Il nome “Macchina di Santa Rosa” suscita sempre la curiosità di visitatori e turisti. La Macchina consiste in una torre illuminata da fiaccole e luci elettriche, che somiglia ad un alto campanile che si muove fra le vie della città. Molto spesso più alta delle case, la Macchina di Santa Rosa, durante la sfilata, illumina strade e piazze del centro di Viterbo. Realizzata con una struttura interna in metallo e materiali moderni, come la vetroresina, è alta circa trenta metri e pesa cinque tonnellate. Ciò che rende unico al mondo questo spettacolo non è solo il fatto che la Macchina di Santa Rosa viene portata, la sera del 3 settembre, per le vie di Viterbo, bensì che viene sollevata e portata a spalla da un centinaio di uomini chiamati “Facchini”. Il percorso, che si snoda nel cuore della città, è lungo circa un chilometro e, in alcuni punti, molto angusto a causa delle strade strette e della vicinanza con le case.

Il trasporto della Macchina di Santa Rosa prende avvio da Piazza San Sisto, nei pressi di Porta Romana, dove la struttura viene assemblata nelle settimane precedenti. I Facchini conducono la Macchina di Santa Rosa fino al Santuario dove riposa il corpo della giovane. Durante il trasporto si effettuano cinque fermate: Piazza Fontana GrandePiazza del Plebiscito (di fronte al Comune), Piazza delle Erbe,  Corso Italia (davanti alla Chiesa del Suffragio), Piazza Verdi o del Teatro. Al termine del trasporto la Macchina di Santa Rosa viene lasciata davanti al Santuario, dove rimane per alcuni giorni per permettere ai cittadini di poterla ammirare dal vivo in tutta la sua bellezza.

Sosta in P.zza del Plebiscito (o del Comune)
Partenza- Piazza S. Sisto
Partenza, Piazza San Sisto
Fermata, al Santuario (Chiesa di Santa Rosa) – sulla sinistra il nostro B&B)
Fermata, al Santuario (Chiesa di Santa Rosa)
"Gloria", splendida anche di giorno
“Gloria”, splendida anche di giorno
Il rito della vestizione
Il rito della vestizione
Fasanari Alvaro e il figlio Fabio, 6^ fila ciuffi e 1^ corda. La tradizione continua...
I Facchini Fasanari Alvaro e il figlio Fabio, 6^ fila ciuffi e 1^ corda. La tradizione continua…
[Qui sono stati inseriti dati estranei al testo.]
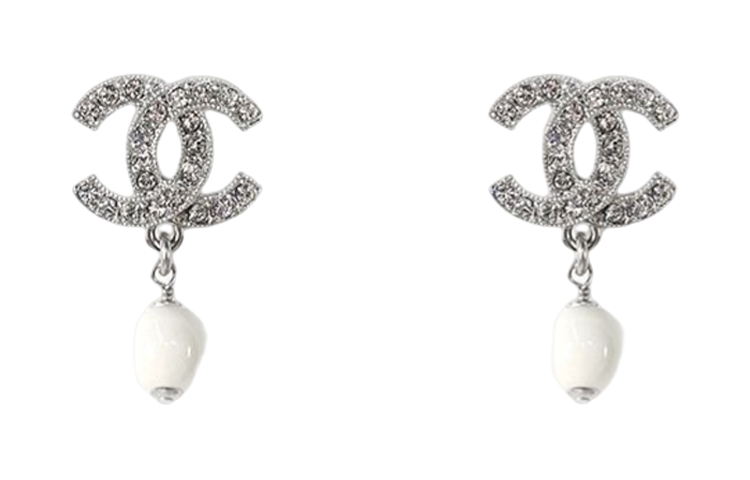 (Women) CHANEL Classic Double C Diamond Earrings  White/Silver AB7735-B07455-NG605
(foto gentilmente concesse da Alvaro Fasanari)

Fiera di Santa Rosa – 4 settembre

ll 4 settembre di ogni anno a Viterbo, in occasione della festività di Santa Rosa, si svolge l’omonima fiera. Dall’alba al tramonto, il centro storico si riempie di stand e bancarelle di merci varie in un percorso di circa 3 km attraverso le principali vie e piazze. Abbigliamento, oggettistica, accessori, prodotti per la casa, frutta secca, dolciumi, giocattoli, collezionismo, libri, prodotti enogastronomici e tante altre categorie merceologiche: questo è possibile trovare alla Fiera di Santa Rosa, che interessa Via Garibaldi, Piazza Fontana Grande, Via Cavour, Piazza del Plebiscito, Via Ascenzi, Piazza Martiri d’Ungheria, Piazza dei Caduti, Via Marconi, Piazza Giuseppe Verdi, Via Matteotti, Piazza della Rocca, Piazza San Faustino, Via Cairoli.

La Fiera di Santa Rosa è una delle due grandi fiere annuali viterbesi, insieme a quella del 25 marzo in occasione della festa della SS. Annunziata.